Kürt Devleti’nin petrol zengini Kerkük’ün statüsünün tespiti için bu yıl yapmayı düşündüğü referandum nedeniyle paniğe kapılan Türk hükümeti, Kerkük üzerinde çeşitli haklar iddia ediyor. Ne var ki, Türkiye İngilizler ile imzaladığı ve Kerkük’ün de bir parçası olduğu Musul vilayeti üzerindeki Irak hükümranlığını tanıdığı anlaşma tarafından bağlanmıştı. İşte bu yüzden, Türk hükümeti Kerkük üzerinde denetim kurabilmek için Türkmen kartını kullanıyor. Son zamanlarda, Araplar Kerkük’ün kendilerine ait, Türkmenler ise kendilerine ait olduğunu iddia ediyor. Yapılacak referandum’da hiç şüphe yok ki Kerkük Kürdistan sınırları içinde yer alacak.
Kürt Devleti Başkanı Mesut Barzani bu konuda, '' Bizim stratejimiz 140. maddenin uygulanmasıdır. Biz Kerkük'ün bütün grupların, dinleri ve etnik unsurların beraber yaşayabileceği örnek bir yer olmasını istiyoruz'' diyor.

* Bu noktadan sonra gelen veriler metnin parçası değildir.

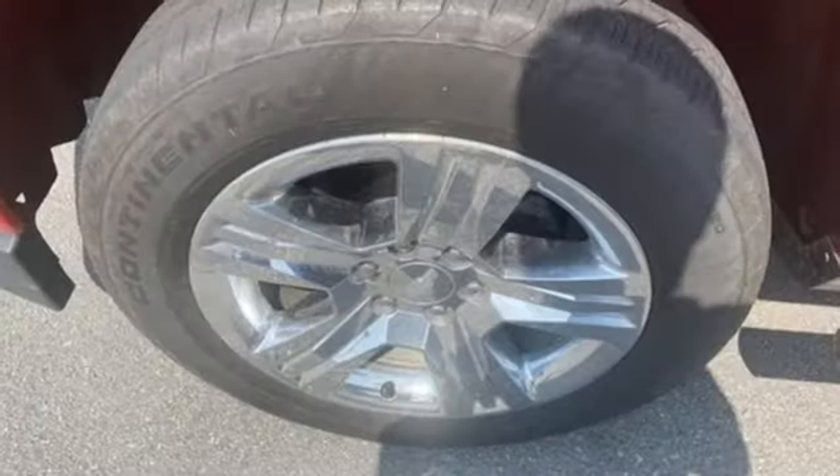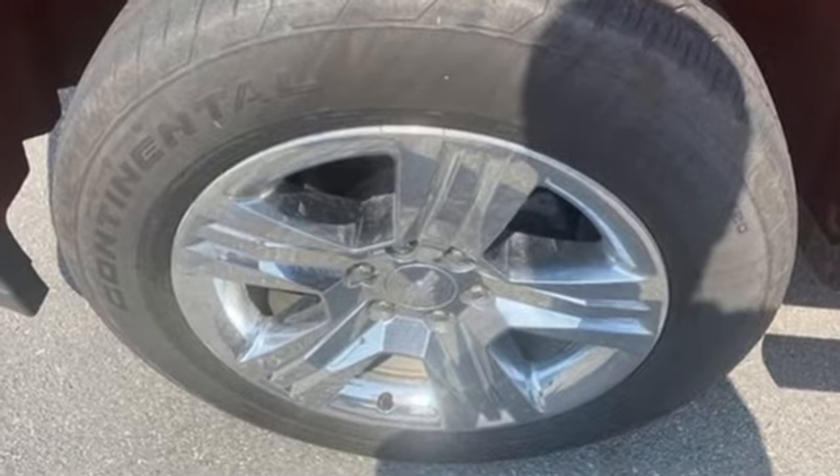Chevy, 100 years of icons. There's even more to see in person. Take it for a test drive today.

Kürt halkı, Kerkük ’ten vazgeçmeyeceklerini vurguluyor ve “Kerkük barışçıl yollarla bizim olmazsa, 100 yıl savaşırız” diyerek kararlılıklarını net biçimde ortaya koyuyorlar.
Bugünse, kalkıp yeni bir harita uydurulmuş gibi bir panik ortamı yaratmak, buradan da Türkiye'nin tehdit edildiği, parçalanmaya çalışıldığı sonucunu çıkartmak devletin ya da açıklamayı yapanların bilemediğimiz başka hesaplara dayandıklarını gösteriyor.

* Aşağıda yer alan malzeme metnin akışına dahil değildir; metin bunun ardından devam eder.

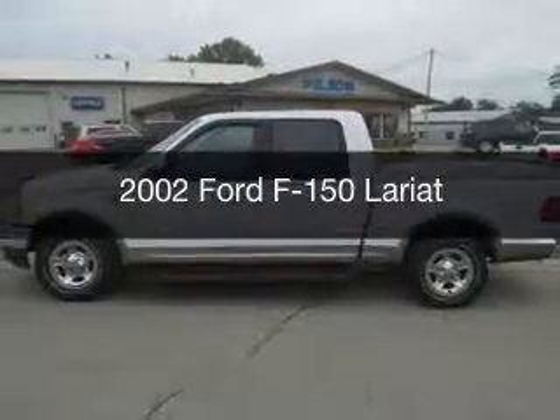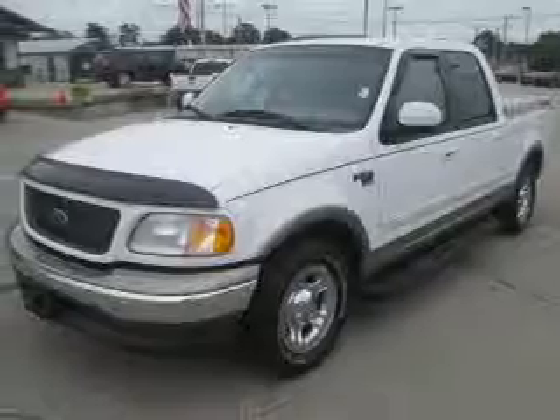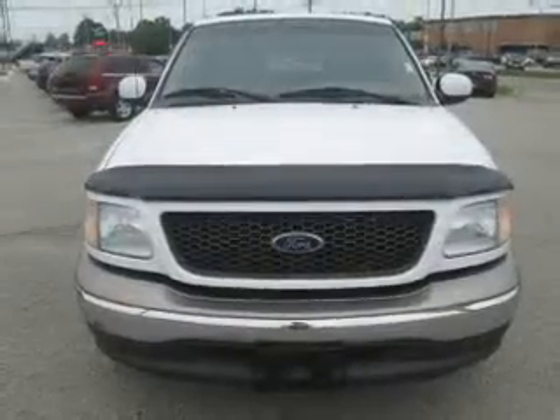This is a used 2002 Ford F-150, powered by rear-wheel drive, a 4.6-liter 8-cylinder engine, and a 4-speed automatic transmission.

Bu durumda akla şu soru geliyor: Türkiye yönetiminde bulunan birileri niyetlerini açıklamadan, çevre ülkelerde huzur istemiyor mu ? Komşularında ne kadar huzursuzluk ve karmaşa varsa, Türkiye’nin de o denli huzurunun olamayacağı apaçık ortada.
Acaba, Güneydeki Kürtlerinin huzuru, rahatı ve özgürlükleri kurumlaştıkça Türkiye bunun, kendi Kürtleri için de örnek olabileceğini düşünüp engellemeye mi çalışıyor?
Kerkük’te yaşayan Türkmenler, Kürtlerle hiçbir sorunları olmadığını ve dostça huzur içinde yaşadıklarını anlatıyorlar. Tek şikayetleri, Türkiye’nin Irak Türkmen Cephesi ile birlikte çeşitli provokasyonlar yaparak aralarını bozmaya çalışması. Türkiye’den tek istekleri, kendilerini rahat bırakmaları ve Kürtlerle aralarını bozmaya çalışmamaları. Çünkü, yıllardır barış, huzur ve özgürlüklerini özleyen bu iki halk artık kardeş ve dost olarak yaşama alışmışlar, bundan da vazgeçecek gibi gözükmüyorlar.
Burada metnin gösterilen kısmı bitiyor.